Facing danger all around us,
And hunger after whistles blow.

But don’t ask for life protection,
For pension or a living wage-
Then they call you peace disturbers,
And out of order, common Reds

Don’t demand for wife and children,
comfort, education, bread.
That’s too much for you, remember.
That’s out of order, common Red

MLH, 17 May 1924

By CAROLYN LIONAIS

 CAROLYN LIONAIS – VOCALS AND HARMONIUM, MORGAN CURRIE – VIOLIN, BACKUP VOCALS AND ACOUSTIC GUITAR 

About Carolyn Lionais

Carolyn Lionais is a local twenty-something.

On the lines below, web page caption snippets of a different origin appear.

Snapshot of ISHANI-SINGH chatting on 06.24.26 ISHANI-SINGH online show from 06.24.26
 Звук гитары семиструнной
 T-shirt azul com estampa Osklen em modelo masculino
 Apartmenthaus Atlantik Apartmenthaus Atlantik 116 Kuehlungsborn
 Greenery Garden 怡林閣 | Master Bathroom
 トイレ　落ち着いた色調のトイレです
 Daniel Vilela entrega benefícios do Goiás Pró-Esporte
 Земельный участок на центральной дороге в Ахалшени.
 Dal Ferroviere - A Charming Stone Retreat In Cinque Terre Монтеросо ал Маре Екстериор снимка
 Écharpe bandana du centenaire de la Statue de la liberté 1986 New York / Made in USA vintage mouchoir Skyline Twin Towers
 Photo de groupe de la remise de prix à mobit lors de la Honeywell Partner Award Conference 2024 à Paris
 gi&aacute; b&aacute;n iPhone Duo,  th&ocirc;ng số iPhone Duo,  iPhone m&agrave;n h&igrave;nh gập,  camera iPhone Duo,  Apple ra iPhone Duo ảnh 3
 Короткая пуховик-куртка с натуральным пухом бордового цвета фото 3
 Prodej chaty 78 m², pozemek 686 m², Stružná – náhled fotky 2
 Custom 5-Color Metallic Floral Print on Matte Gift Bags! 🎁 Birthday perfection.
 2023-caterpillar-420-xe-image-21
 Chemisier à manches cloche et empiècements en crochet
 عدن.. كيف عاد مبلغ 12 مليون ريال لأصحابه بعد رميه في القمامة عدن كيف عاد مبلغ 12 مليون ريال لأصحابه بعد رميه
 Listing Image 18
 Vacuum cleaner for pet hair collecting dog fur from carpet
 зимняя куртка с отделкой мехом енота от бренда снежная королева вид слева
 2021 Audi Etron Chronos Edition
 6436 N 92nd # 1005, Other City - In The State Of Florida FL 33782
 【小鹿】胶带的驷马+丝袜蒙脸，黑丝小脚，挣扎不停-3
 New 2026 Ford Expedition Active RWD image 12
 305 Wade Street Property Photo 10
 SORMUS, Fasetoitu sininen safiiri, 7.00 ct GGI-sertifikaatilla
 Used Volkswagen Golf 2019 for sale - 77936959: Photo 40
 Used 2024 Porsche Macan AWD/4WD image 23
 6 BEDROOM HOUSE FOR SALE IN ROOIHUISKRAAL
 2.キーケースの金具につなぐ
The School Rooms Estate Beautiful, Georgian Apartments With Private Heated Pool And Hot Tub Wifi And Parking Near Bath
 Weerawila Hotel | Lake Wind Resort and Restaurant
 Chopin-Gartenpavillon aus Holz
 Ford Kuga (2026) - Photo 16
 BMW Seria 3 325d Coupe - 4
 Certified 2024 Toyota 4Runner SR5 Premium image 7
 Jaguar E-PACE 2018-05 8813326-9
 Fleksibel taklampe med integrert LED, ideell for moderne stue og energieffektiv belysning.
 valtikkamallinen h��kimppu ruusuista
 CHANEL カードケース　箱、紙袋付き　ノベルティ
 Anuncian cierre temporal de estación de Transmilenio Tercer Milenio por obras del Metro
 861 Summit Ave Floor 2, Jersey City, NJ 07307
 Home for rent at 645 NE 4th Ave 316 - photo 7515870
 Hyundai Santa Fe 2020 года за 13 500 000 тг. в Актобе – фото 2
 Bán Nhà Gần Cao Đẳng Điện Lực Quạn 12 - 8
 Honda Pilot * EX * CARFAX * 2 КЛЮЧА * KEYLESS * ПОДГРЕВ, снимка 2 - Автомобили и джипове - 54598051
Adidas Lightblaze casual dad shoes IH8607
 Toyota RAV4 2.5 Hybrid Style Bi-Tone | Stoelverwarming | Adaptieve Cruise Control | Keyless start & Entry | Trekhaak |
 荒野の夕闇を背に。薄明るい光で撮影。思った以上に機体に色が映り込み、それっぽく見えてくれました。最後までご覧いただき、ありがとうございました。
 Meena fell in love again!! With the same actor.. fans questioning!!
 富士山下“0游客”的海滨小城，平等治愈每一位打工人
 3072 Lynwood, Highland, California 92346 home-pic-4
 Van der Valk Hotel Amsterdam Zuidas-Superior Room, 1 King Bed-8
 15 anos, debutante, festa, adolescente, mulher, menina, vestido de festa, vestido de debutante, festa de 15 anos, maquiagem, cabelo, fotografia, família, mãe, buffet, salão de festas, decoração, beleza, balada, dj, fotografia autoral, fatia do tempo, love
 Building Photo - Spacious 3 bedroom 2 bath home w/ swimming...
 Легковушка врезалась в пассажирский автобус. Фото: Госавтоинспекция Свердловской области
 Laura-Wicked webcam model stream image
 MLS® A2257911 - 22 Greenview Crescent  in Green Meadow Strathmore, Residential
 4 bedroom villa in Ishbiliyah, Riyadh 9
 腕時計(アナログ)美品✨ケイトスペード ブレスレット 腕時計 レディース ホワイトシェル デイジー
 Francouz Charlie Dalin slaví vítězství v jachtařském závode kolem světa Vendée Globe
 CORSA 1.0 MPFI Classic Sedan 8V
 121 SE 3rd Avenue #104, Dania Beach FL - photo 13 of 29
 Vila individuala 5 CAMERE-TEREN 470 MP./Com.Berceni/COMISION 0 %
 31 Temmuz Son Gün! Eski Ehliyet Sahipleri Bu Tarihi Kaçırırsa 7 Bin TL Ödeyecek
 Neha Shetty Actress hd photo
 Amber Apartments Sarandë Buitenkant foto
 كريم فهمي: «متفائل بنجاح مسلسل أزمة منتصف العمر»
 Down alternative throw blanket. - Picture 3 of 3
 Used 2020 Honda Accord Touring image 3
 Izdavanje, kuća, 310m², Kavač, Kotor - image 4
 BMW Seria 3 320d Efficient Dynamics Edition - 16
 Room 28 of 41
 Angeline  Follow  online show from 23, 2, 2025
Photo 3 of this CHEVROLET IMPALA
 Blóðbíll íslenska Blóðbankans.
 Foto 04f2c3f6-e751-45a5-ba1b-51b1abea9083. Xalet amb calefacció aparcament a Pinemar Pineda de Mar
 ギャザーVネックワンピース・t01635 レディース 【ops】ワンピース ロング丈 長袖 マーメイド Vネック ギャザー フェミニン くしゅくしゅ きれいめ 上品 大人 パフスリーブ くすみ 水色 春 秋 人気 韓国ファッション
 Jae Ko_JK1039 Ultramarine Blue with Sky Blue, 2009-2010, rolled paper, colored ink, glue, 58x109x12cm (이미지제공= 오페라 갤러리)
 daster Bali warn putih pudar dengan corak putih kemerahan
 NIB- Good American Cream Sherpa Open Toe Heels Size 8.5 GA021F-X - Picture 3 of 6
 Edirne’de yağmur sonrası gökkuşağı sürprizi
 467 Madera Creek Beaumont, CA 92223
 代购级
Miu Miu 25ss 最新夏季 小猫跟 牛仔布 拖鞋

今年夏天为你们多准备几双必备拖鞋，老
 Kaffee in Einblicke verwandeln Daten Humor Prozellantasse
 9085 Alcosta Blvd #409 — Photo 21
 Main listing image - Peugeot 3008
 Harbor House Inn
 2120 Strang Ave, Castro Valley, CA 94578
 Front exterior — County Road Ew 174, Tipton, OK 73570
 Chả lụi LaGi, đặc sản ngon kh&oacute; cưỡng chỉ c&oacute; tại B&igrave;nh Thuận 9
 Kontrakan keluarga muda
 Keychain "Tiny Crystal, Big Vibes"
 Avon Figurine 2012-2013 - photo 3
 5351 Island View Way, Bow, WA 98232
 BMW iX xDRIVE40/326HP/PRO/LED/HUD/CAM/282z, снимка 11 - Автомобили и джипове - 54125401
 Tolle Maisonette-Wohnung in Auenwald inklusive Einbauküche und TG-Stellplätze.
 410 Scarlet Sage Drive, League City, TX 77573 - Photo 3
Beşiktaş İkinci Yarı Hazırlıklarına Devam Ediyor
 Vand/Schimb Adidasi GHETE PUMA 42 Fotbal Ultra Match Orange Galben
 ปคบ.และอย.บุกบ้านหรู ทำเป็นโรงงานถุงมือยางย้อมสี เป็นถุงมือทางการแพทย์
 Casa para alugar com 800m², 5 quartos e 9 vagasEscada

Born and raised in beautiful Bras d’Or, she grew up surrounded by music in her family home. She learned to play the guitar around the age of 11 and has been writing and singing ever since. Never professionally, for the joy of it only. Professionally, Carolyn has been practicing nursing since 2007. Her voice and music can be heard in quiet bars, living rooms, long car rides, short films, background vocals and local EP’s circa. 2004.

Resources

Dawn Fraser was a prolific and influential bard/poet in the 1920s. We know about Fraser because of the scholarly work done by historians David Frank and Don MacGillivray (Frank and MacGillivray, 1976). Although not well known today, his collections were widely read in the 1920s. However, there were numerous other songmakers at this time about whom we do not know much including A.L. McNiven of Sydney, J.P. MacNeil, F.T.R., “The Mixer,” William Waterford, Dannie Boutilier of Springhill, George Straatman of Westville and Florence. These poets of the industrial age followed from the preindustrial bardic tradition bearers of Cape Breton Island discussed by Charles Dunn in the Highland Settler: A Portrait of the Scottish Gael in Cape Breton and Eastern Nova Scotia. (Dunn, 58-73). We don’t know much about Strattman. We know that he was an active supporter of the OBU (One Big Union). As well as being in Cape Breton and the Springhill and Westville area, he also spent time in Minto, New Brunswick. Allen Seager points out that in 1926 he was listed as heading an OBU Unit in Newcastle Bridge, New Brunswick (Seager 1980). In a letter to the OBU Bulletin George Straatman indicates he was born a Dutchman and emigrated to Canada. He expressed concern that some anti-OBU miners at a meeting in Westville called him a foreigner who did not own property there. Straatman took aim at Eli Harris, an anti-OBU miner in a letter he wrote in January to the One Big Union Bulletin:

… contrary to the wishes of Eli Harris, I honestly do agree with the ‘prophet’ that I do not own a shingle or spike in the town of Westville, that I belong to the class of the workers who do not possess and therefore again I am entitled to join the ranks of the poor, the workers, and if Eli Harris is such a big possessor of wealth, he should stay among his own tribe, the rich.[1] The composer of “Mother When the Whistle Blows” was George Straatmen. The song captures the thoughts of women in mining towns who live by the whistle, waiting for the miner to come home from work. It also speaks of the ever-present danger found in mining communities with accidents and injuries regularly occurring. Miners fighting for a living wage were sometimes labeled “reds” by other members of the community at this time. References Dunn, Charles W. (1953). Highland Settler: A Portrait of the Scottish Gael in Nova Scotia. Toronto: University of Toronto Press. Frank, David, and Don MacGillivray. (1976).Introduction to Echoes From Labour’s War: Industrial Cape Breton in the 1920s, by Dawn Fraser, 1-16. Toronto: New Hogtown Press. One Big Union Bulletin, January 22, 1925. Seager, A. (1980). “Minto, New Brunswick: A Study in Class Relations Between the Wars.” Labour/LeTravailleur 5 Spring: 81-132.